What you have to do: Each line of the listing below that includes "Band" should be reported.

Records shown:
-- Opening Marker --

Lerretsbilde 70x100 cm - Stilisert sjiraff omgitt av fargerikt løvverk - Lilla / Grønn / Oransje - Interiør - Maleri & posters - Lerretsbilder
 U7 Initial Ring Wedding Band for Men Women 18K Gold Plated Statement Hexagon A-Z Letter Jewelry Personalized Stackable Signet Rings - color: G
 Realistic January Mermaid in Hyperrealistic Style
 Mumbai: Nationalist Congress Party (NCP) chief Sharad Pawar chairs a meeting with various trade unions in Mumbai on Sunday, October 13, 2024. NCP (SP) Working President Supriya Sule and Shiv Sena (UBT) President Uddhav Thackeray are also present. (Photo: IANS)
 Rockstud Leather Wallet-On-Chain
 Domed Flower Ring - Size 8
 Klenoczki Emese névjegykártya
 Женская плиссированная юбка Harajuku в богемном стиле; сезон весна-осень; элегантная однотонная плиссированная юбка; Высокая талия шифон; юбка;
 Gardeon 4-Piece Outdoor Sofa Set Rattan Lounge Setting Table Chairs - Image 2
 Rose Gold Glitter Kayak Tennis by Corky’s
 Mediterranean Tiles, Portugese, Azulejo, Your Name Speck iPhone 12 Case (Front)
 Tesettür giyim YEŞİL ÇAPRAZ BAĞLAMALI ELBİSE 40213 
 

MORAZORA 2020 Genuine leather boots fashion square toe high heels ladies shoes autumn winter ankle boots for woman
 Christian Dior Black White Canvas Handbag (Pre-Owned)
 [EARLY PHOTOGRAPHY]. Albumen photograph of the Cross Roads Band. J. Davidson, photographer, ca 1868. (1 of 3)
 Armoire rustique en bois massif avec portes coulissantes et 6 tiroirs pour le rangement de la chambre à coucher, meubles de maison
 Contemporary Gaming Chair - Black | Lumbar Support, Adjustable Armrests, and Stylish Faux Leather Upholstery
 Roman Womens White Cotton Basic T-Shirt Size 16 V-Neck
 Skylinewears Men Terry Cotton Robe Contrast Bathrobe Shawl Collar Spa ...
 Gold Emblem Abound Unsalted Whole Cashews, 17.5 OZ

-- Closing Marker --

Reply to the exercise:
 U7 Initial Ring Wedding Band for Men Women 18K Gold Plated Statement Hexagon A-Z Letter Jewelry Personalized Stackable Signet Rings - color: G
 [EARLY PHOTOGRAPHY]. Albumen photograph of the Cross Roads Band. J. Davidson, photographer, ca 1868. (1 of 3)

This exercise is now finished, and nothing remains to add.